Subject: Re: [rfc][patch] SLQB slab allocator
From: "Zhang, Yanmin" <yanmin_zhang@linux.intel.com>
To: Nick Piggin <npiggin@suse.de>
Cc: Linux Kernel Mailing List <linux-kernel@vger.kernel.org>,
       Linux Memory Management List <linux-mm@kvack.org>
In-Reply-To: <20081212002518.GH8294@wotan.suse.de>
References: <20081212002518.GH8294@wotan.suse.de>
Content-Type: text/plain
Date: Fri, 19 Dec 2008 15:48:40 +0800
Message-Id: <1229672920.3277.49.camel@ymzhang>
Mime-Version: 1.0
X-Mailer: Evolution 2.22.1 (2.22.1-2.fc9) 
Content-Transfer-Encoding: 7bit
Sender: linux-kernel-owner@vger.kernel.org
List-ID: <linux-kernel.vger.kernel.org>
X-Mailing-List: linux-kernel@vger.kernel.org

On Fri, 2008-12-12 at 01:25 +0100, Nick Piggin wrote:
> (Re)introducing SLQB allocator.
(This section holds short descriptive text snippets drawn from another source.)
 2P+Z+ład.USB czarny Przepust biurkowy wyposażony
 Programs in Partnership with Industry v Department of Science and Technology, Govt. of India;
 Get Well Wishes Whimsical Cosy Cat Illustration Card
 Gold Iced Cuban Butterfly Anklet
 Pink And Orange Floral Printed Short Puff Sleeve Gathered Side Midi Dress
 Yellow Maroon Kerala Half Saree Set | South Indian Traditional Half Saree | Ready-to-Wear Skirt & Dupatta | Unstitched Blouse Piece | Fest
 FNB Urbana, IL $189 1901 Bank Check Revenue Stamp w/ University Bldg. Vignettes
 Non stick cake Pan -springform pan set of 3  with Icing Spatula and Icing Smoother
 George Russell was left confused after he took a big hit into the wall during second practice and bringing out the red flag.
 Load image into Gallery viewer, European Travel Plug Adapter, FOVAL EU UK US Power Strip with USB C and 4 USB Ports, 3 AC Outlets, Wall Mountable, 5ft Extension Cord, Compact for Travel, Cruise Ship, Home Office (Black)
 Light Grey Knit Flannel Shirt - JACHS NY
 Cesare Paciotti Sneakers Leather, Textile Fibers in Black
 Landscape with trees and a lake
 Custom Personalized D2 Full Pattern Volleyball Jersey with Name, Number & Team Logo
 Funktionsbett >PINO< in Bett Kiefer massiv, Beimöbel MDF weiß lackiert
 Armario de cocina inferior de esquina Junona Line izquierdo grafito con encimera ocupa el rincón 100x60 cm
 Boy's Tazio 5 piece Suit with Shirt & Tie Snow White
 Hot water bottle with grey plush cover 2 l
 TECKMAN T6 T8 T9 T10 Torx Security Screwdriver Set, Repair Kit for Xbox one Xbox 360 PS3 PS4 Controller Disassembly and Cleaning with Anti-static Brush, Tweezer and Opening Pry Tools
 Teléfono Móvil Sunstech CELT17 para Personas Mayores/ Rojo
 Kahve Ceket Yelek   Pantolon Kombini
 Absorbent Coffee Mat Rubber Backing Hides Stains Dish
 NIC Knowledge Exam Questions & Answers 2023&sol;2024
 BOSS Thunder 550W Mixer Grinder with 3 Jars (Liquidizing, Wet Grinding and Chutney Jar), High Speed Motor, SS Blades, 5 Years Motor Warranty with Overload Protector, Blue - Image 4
Q for queued, but in reality, SLAB and
> SLUB also have queues of things as well, so "Q" is just a meaningless
> differentiator :)
> 
> I've kept working on SLQB slab allocator because I don't agree with the
> design choices in SLUB, and I'm worried about the push to make it the
> one true allocator.
> 
> My primary goal in SLQB is performance, secondarily are order-0 page
> allocations, and memory consumption.
> 
> I have worked with the Linux guys at Intel to ensure that SLQB is comparable
> to SLAB in their OLTP performance benchmark. Recently that goal has been
> reached -- so SLQB performs comparably well to SLAB on that test (it's
> within the noise).
> 
> I've also been comparing SLQB with SLAB and SLUB in other benchmarks, and
> trying to ensure it is as good or better. I don't know if that's always
> the case, but nothing obvious has gone wrong (it's sometimes hard to find
> meaningful benchmarks that exercise slab in interesting ways).
> 
> Now it isn't exactly complete -- debugging, tracking, stats, etc. code is
> not always in the best shape, however I have been focusing on performance
> of the core allocator. No matter how good the rest is if the core code is
> poor... But it boots, works, is pretty stable.
> 
> SLQB, like SLUB and unlike SLAB, doesn't have greater than linear memory
> consumption growth with the number of CPUs or nodes.
> 
> SLQB tries to be very page-size agnostic. And it tries very hard to use
> order-0 pages. This is good for both page allocator fragmentation, and
> slab fragmentation. I don't like that SLUB performs significantly worse
> with order-0 pages in some workloads.
> 
> SLQB goes to some lengths to optimise remote-freeing cases (allocate on
> one CPU, free on another). It seems to work well, but there are a *lot*
> of possible ways this can be implemented especially when NUMA comes into
> play, so I'd like to know of workloads where remote freeing happens a
> lot, and perhaps look at alternative ways to do it.
> 
> SLQB initialistaion code attempts to be as simple and un-clever as possible.
> There are no multiple phases where different things come up. There is no
> weird self bootstrapping stuff. It just statically allocates the structures
> required to create the slabs that allocate other slab structures.
> 
> I'm going to continue working on this as I get time, and I plan to soon ask
> to have it merged. It would be great if people could comment or test it.
Nick,

I tested your patch on a couple of x86-64 machines with kernel 2.6.28-rc8, mostly comparing
with SLUB. I used many benchmarks, such like specjbb/cpu2k/aim7/hackbench/tbench/netperf
/dbench/volanoMark/kbuild/oltp(mysql+sysbench) and so on. The result has no big
difference from the one of SLUB, except:

1) kbuild: On my 8-core stoakley machine, I see about 20% improvement with SLQB. But on
16-core tigerton,there is about 6% regression. I reran the testing with CONFIG_SLUB=y and
'slabinfo -AD' showed kmalloc4096 is proactive.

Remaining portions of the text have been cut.